When our church leadership released me to legally separate, my then-husband stopped attending. Walking out our reconciliation attempt, separation and divorce within the community of our church family was one of the most beautiful and one of the most painful experiences of my life.

When I went to my church leadership for help – for my final plea – around year sixteen, I knew that if no one stepped in, I was done. I don’t mean that I was done in that I was just going to get a divorce. I meant that I was done in that I was just going to resign myself to stay married, to stay in our bad marriage for the rest of my life. This was my absolute last chance, last hope, last begging for help.

And I am so grateful to say that I felt heard and understood. A team of eight godly people were assembled: a mentor couple, our campus pastor, an elder couple, a mediator, a counselor and my mentor, along with the entire elder board being briefed and weighing in over what turned out to be a fifteen-month reconciliation attempt.

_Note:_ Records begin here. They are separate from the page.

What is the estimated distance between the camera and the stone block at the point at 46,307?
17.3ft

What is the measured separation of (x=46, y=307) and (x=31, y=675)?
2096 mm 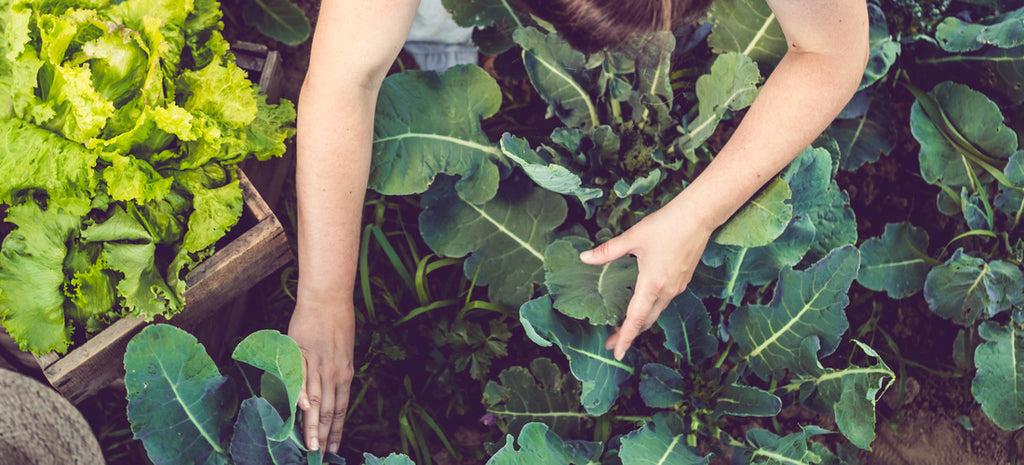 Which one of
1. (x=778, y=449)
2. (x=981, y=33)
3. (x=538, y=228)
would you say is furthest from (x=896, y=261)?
(x=538, y=228)

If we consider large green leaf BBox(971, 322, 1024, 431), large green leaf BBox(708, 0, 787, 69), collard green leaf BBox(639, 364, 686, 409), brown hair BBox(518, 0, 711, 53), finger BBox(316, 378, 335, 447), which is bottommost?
large green leaf BBox(971, 322, 1024, 431)

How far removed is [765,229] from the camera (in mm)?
1404

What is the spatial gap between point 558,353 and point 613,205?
17.1 inches

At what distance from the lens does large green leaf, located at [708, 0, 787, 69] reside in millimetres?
1694

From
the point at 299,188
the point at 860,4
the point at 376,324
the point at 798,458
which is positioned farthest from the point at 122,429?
the point at 860,4

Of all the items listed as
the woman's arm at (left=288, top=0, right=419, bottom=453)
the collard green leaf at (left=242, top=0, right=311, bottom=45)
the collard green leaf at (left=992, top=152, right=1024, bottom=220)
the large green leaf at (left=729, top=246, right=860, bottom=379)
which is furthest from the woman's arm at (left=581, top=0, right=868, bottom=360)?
the collard green leaf at (left=242, top=0, right=311, bottom=45)

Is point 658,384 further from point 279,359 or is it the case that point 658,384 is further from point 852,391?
point 279,359

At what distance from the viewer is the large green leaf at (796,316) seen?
1461mm

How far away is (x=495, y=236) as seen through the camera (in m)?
1.65

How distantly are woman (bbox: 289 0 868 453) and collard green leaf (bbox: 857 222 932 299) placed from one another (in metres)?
0.64

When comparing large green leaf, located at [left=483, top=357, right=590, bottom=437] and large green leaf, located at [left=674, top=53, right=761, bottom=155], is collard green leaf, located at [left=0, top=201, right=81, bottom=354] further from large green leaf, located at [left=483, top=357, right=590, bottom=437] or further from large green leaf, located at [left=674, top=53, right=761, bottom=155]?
large green leaf, located at [left=674, top=53, right=761, bottom=155]

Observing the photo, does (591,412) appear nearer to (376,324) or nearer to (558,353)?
(558,353)

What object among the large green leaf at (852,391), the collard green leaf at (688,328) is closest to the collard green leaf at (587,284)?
the collard green leaf at (688,328)

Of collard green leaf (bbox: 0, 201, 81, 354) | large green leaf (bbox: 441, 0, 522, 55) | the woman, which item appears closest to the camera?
the woman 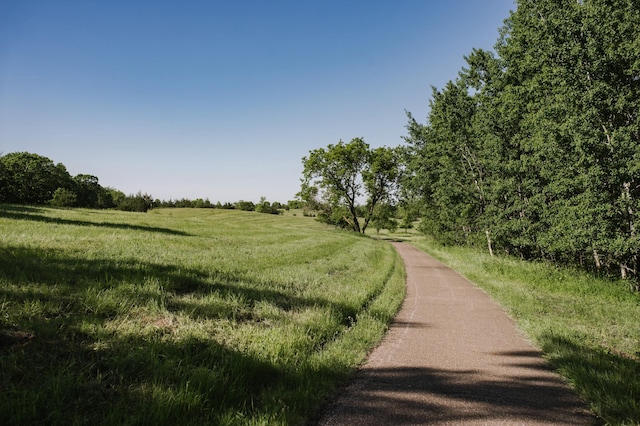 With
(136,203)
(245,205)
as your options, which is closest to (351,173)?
(136,203)

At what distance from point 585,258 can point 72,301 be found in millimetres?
27416

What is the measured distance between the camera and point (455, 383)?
14.0ft

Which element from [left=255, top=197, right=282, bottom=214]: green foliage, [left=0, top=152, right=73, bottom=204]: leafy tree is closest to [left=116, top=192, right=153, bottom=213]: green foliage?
[left=0, top=152, right=73, bottom=204]: leafy tree

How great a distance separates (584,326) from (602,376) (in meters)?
3.42

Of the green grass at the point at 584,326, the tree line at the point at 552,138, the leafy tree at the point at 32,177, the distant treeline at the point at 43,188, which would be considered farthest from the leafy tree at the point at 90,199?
the green grass at the point at 584,326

And when I say reconciliation attempt, I don’t just mean my then-husband and I attempted to reconcile. I mean, that team of people came around us and did everything they could think to do to keep our wheels from coming off.

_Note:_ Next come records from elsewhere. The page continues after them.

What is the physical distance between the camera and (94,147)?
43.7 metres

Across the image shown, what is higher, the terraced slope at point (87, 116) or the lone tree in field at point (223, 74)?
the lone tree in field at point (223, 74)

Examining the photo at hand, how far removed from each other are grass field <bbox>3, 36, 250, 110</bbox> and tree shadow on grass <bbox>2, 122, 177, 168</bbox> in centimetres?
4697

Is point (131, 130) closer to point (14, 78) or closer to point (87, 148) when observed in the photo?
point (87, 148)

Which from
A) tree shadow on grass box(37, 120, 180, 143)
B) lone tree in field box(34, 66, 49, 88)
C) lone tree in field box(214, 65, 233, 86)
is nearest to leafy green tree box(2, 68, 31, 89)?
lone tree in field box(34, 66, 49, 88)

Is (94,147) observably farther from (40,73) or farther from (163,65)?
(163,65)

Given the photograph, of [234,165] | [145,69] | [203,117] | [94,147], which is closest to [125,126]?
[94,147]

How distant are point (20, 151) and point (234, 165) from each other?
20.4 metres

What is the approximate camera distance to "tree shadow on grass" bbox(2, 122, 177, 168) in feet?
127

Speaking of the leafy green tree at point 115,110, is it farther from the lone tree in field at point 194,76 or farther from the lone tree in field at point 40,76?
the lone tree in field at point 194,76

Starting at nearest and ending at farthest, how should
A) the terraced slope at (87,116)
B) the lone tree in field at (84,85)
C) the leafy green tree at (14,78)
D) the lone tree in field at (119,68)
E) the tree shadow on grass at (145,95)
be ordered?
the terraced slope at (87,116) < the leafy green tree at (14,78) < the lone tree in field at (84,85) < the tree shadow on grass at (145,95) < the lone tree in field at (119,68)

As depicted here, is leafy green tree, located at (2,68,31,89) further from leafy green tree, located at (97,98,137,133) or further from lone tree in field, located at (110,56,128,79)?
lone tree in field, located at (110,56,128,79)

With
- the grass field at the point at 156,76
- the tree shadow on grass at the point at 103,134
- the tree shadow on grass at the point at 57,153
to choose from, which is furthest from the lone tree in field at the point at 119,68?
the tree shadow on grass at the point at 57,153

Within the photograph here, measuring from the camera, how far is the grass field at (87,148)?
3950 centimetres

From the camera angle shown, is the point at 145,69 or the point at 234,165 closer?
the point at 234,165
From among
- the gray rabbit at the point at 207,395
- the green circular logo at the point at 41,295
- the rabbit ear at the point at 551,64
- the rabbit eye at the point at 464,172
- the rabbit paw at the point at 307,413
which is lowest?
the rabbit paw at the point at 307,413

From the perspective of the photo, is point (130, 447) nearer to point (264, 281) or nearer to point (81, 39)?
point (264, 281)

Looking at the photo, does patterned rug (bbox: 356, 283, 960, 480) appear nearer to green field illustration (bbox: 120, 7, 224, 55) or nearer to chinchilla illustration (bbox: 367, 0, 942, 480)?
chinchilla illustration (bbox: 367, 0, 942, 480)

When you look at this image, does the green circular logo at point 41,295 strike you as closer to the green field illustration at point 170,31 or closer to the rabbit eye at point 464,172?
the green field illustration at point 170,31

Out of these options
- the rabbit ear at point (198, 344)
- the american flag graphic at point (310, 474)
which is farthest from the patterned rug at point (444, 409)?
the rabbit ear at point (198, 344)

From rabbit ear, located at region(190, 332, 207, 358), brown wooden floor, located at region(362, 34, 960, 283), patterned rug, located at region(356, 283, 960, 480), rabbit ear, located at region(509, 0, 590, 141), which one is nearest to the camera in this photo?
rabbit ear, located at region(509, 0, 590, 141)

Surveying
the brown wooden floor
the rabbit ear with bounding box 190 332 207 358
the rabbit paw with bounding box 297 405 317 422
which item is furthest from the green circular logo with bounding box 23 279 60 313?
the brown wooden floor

It was excruciating and humiliating and raw, and yet, I felt covered and surrounded and taken care of. I will never, ever forget the lengths these people went to in a valiant attempt to save our marriage. This was the beautiful part of having a church family. And I can say in all honesty that my personal church experience regarding my hard marriage, separation and divorce was 95% positive. It was a hundred times better than I ever expected. And it was so much better than other stories I’ve heard from other women who felt unheard and ostracized. This was not my experience: my experience was good and I am eternally grateful.

But then there was the five percent. A few incidents happened that hurt. People hurt people all the time. Christian people hurt people all the time. And sometimes, even, somehow, by the nudging of God, which I don’t fully understand, but I’m starting to accept. A few key things were decided and said to me that caused a shift in me.

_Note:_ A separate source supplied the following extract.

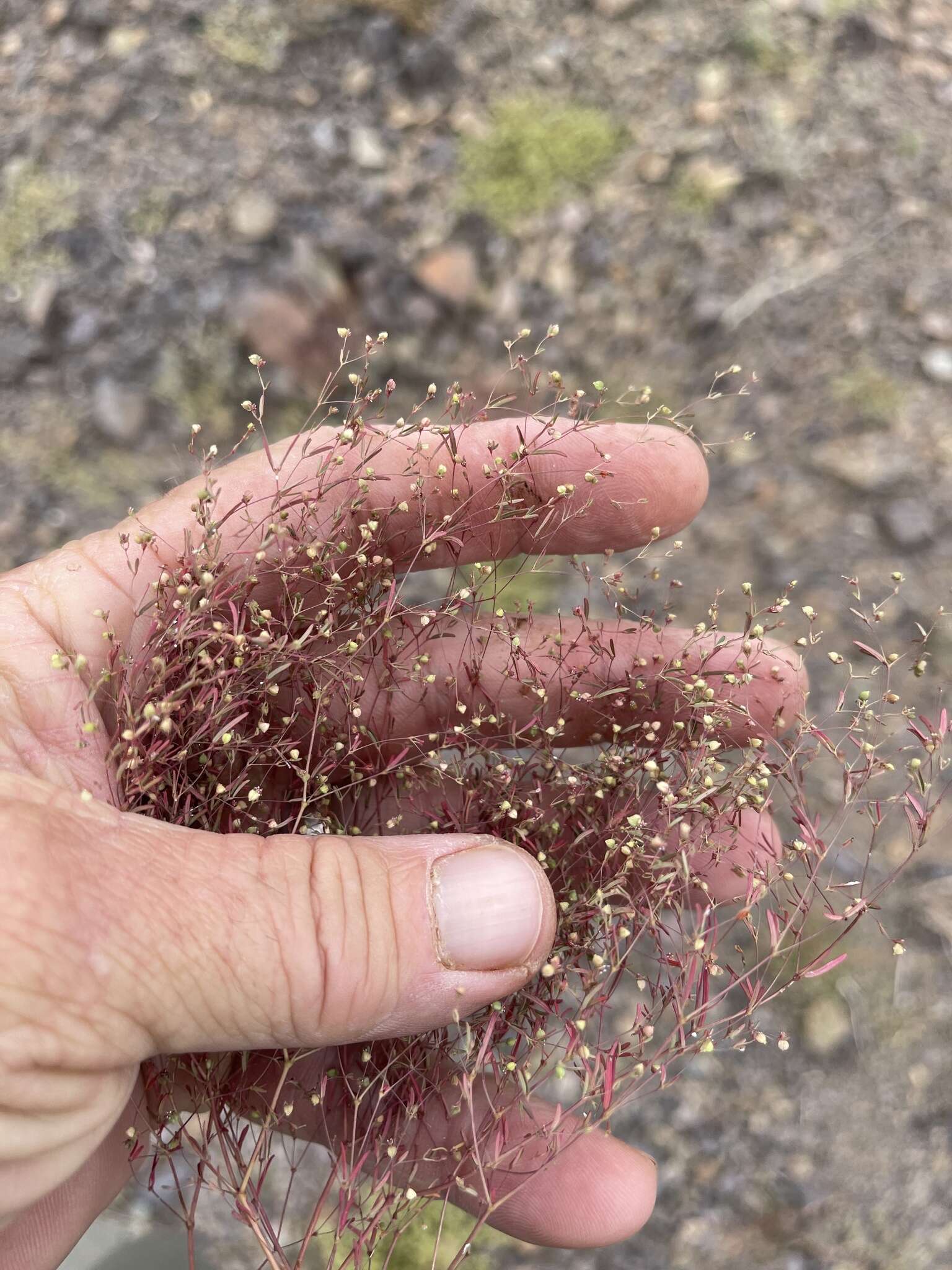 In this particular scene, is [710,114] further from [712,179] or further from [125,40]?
[125,40]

And I started to notice that every time I pulled into the parking lot, post-separation, I felt sick to my stomach. And I began to realize that every time I was at church, I either cried during the service or as soon as I got in my car. And this went on for about six or nine months before I realized that it wasn’t normal. That I was literally distracted from worship by my sadness and self-consciousness of now divorcing. My entire marriage had played out within the walls of that place and for whatever reasons, I felt even more divorced when I was in my church than anywhere else, and I just couldn’t take it. It occurred to me that it wasn’t okay to feel that way. It occurred to me that perhaps God had another place for me.

You must understand something about me: I despise change. And I was already losing my marriage. And I had assumed that my church would be my church until the day I died. I couldn’t fathom being anywhere else. But I just couldn’t stand being that sad in my place of worship any longer. So I started to pray and think and journal and grieve and get wise counsel simply around this question: should I be somewhere else?

I very tentatively began looking around and God brought me to a place of grace and beauty, to a place that embraced me, to a place that has already allowed me to use my gifts, not waiting for years until they deem me healed.